## INSTRUCTIONS TO FOLLOW
Find the lines of the material below that include the string "living", then copy each one.

## EXERCISE DATA
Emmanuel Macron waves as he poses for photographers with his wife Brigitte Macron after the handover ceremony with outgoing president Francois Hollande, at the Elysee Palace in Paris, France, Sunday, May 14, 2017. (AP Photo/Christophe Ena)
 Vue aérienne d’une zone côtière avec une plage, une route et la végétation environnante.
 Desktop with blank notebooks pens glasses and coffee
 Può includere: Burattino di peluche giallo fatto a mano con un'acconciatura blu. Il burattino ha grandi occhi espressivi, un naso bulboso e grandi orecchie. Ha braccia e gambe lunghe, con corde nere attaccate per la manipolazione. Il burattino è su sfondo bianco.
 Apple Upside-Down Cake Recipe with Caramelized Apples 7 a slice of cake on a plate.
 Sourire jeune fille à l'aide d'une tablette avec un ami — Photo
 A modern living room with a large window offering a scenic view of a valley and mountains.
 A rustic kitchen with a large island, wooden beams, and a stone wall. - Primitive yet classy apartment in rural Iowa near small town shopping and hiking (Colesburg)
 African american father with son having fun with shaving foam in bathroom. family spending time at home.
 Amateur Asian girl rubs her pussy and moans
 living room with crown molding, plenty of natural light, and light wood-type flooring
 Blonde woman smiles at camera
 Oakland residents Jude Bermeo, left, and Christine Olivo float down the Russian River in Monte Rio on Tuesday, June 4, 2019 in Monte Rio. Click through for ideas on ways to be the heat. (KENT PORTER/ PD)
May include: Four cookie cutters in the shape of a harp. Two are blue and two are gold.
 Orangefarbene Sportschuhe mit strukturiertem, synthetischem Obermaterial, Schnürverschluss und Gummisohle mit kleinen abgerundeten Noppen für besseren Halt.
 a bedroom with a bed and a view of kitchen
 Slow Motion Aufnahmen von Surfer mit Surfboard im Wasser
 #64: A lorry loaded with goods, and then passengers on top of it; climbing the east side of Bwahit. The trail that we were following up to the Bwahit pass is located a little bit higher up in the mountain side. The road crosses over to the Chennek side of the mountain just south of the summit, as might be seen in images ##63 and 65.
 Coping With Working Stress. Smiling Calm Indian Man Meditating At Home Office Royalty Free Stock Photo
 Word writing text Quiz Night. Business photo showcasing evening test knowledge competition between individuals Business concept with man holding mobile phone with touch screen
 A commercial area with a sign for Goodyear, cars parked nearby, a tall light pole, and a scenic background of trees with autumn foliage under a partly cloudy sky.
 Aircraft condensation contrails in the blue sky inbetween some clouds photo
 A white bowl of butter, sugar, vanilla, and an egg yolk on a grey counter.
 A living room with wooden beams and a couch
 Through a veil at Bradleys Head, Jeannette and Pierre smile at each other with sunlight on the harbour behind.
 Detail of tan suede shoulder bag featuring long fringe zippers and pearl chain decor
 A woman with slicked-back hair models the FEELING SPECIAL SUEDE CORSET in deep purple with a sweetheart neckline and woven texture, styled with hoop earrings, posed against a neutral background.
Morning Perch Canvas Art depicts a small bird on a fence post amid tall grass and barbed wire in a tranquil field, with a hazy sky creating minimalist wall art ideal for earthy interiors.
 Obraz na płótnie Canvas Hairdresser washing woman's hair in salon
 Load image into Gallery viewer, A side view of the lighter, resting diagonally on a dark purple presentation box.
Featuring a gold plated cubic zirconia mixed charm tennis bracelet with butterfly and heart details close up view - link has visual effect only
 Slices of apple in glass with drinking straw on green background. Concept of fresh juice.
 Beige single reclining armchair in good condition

## SOLUTION
 A modern living room with a large window offering a scenic view of a valley and mountains.
 living room with crown molding, plenty of natural light, and light wood-type flooring
 A living room with wooden beams and a couch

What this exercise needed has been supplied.